**DIRECTIONS:** Every line below from the one containing "New Era - Mor" through the one containing "Золотые пески - 29" is to be printed exactly, with the pictures omitted.

**THE DATA:**
================

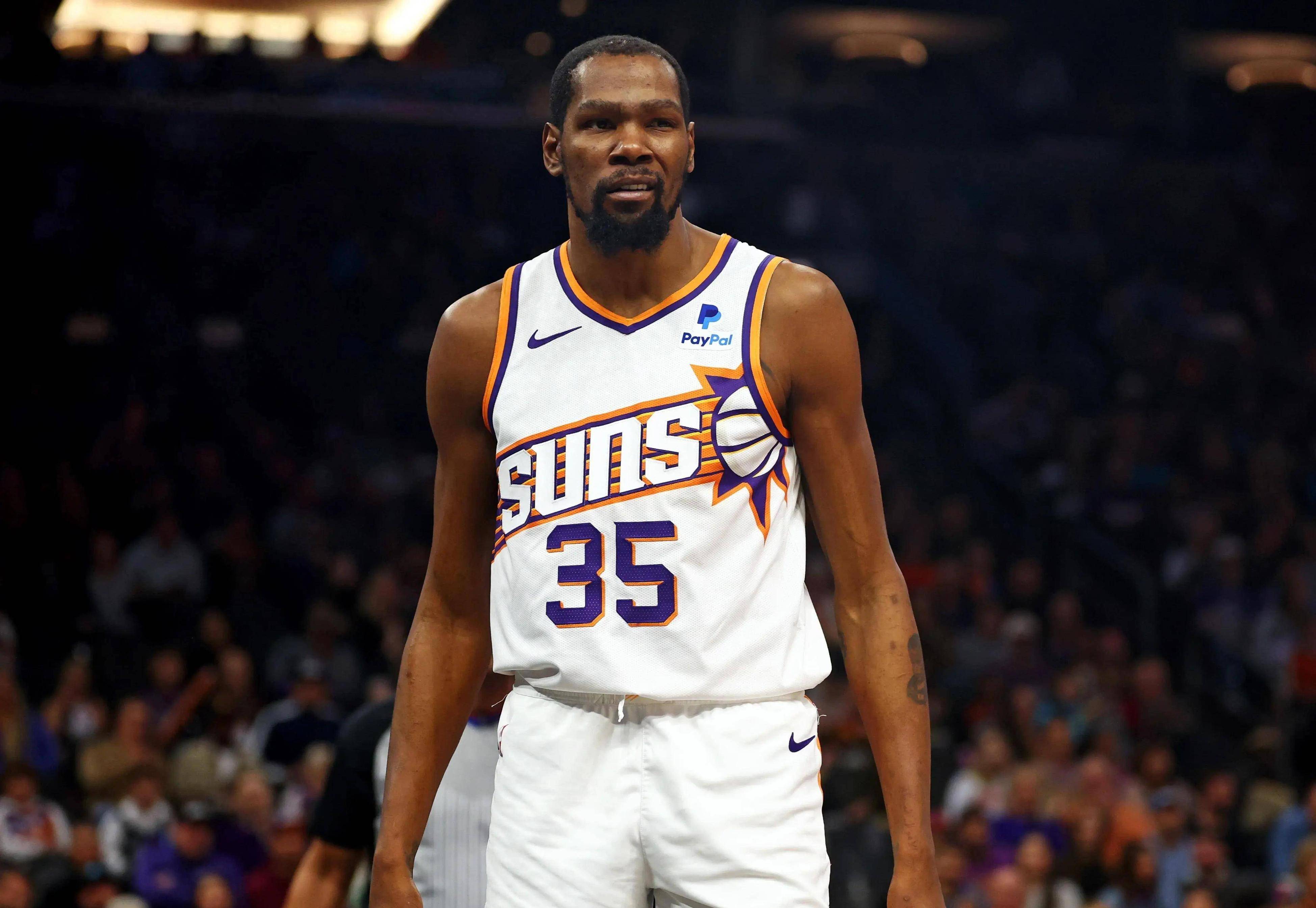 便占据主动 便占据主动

================

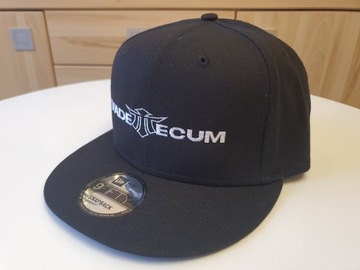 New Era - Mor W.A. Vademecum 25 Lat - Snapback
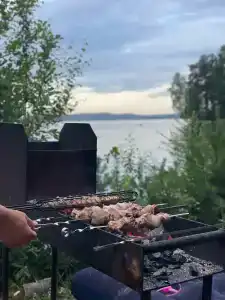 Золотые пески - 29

================

**COMPLETED EXERCISE:**
 New Era - Mor W.A. Vademecum 25 Lat - Snapback
 Золотые пески - 29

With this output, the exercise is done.